One of our aims in monitoring the GCSE, AS and A level awards each summer is to make sure, so far as possible, that there is a level playing field for the students. One of the ways that we do this is to make sure that the grade standards are comparable, so that it is no easier or more difficult to get a particular grade in a subject with one exam board than with another.
There are different ways to measure comparability of grade standards. In our live monitoring of summer awarding, we use statistical predictions based on prior attainment of candidates within subjects and specifications to judge the comparability of grade standards across all exam boards in a subject. Where all boards’ results are reasonably close to their predictions, we judge that their grade standards are aligned, and that it is no more easy or difficult to get a particular grade with one board than with another.

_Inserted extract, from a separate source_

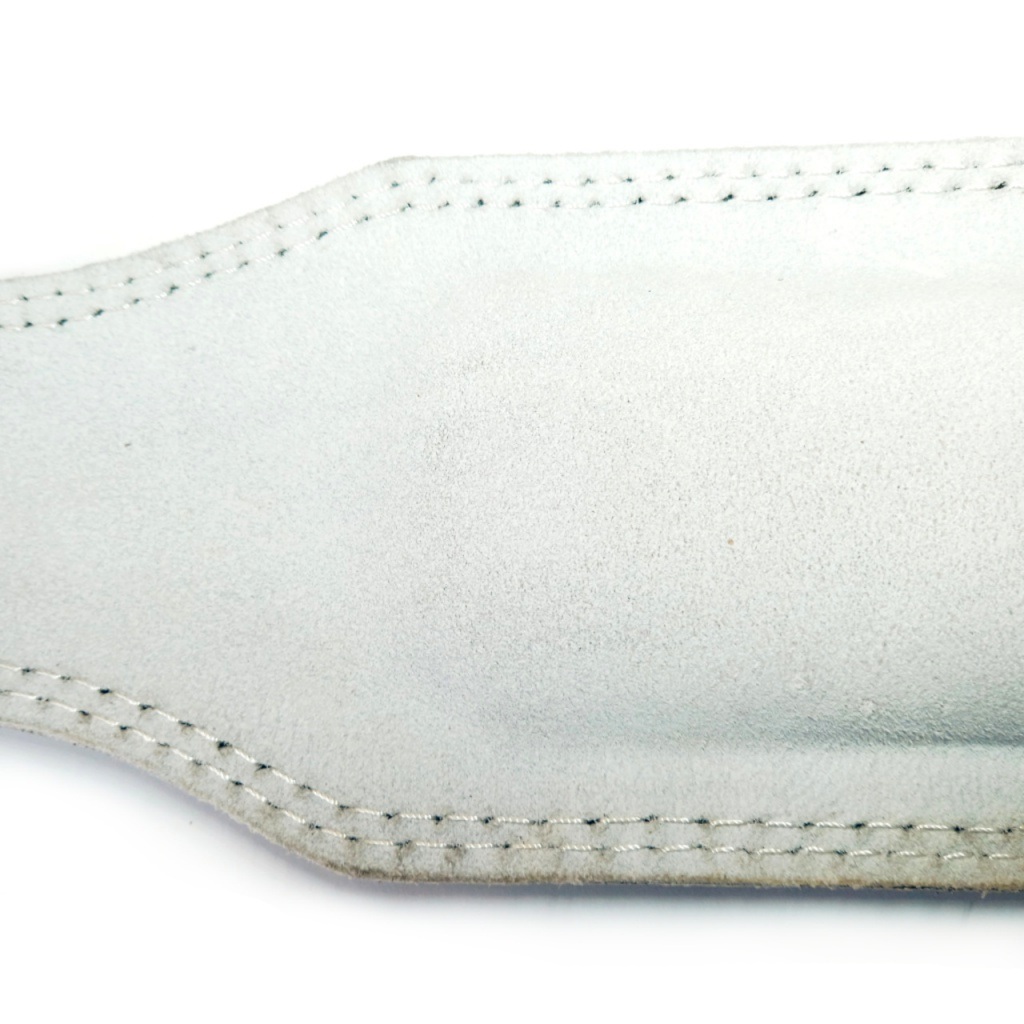 Пояс для важкої атлетики, шкірозамінник, вузький. Розмір XL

Exam boards also carry out a statistical screening exercise in the autumn following each set of GCSE results. This screening uses students’ results in all their GCSEs to judge whether an individual exam board’s grade standards were in line with those of other boards in a subject. The advantage of this method is that it uses a more recent set of data (students’ concurrent GCSE results) but the disadvantage is that, because it used concurrent data, it cannot be carried out until after results are issued.
The paper published today explores a new and alternative way of judging inter-board comparability in a subject, using Rasch modelling and differential step functioning (DSF) analysis. Rasch modelling is more commonly used to analyse the performance of individual items in a test. DSF can be used to compare the performance of different sub-groups with similar abilities on particular items (for example, boys and girls).

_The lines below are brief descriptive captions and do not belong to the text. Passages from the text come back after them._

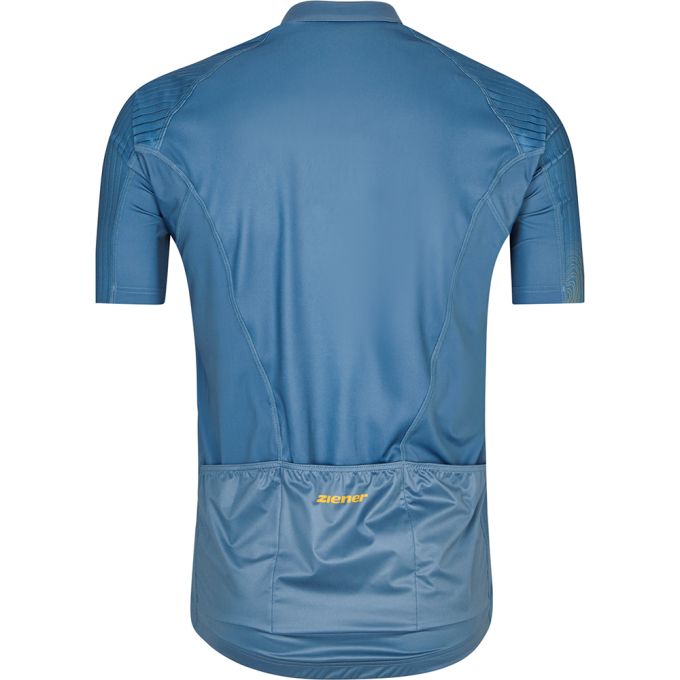 Ziener футболка Nearo cloudy sky 48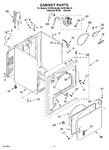 Diagram for 02 - Cabinet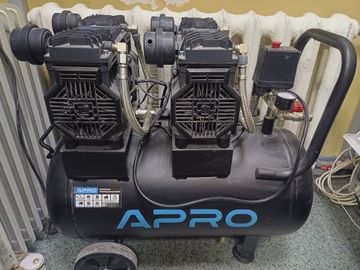 Б/у Компрессор Apro ofe-50 01-200833707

The research published today considers each student’s grade in a subject and compares it with the probability that they would have achieved that grade, based on the ability estimated using the grades they achieved in other subjects by applying the Rasch model. It also considered students for each exam board separately, to see if there were differences between boards. If students for one exam board’s specification generally got higher (or lower) grades than their Rasch abilities would suggest, that might suggest that one exam board was easier (or more difficult) than the others.
The paper finds that most of the differences between boards were small – in most cases less than a fifth of a grade. In general exam boards’ grade standards were more in line at the higher grades than the lower grades. The findings in this paper were similar to those produced by the exam boards’ statistical screening exercise, suggesting that this approach validates that of the exam boards’ and could be used in future to measure comparability of standards between exam boards in a subject.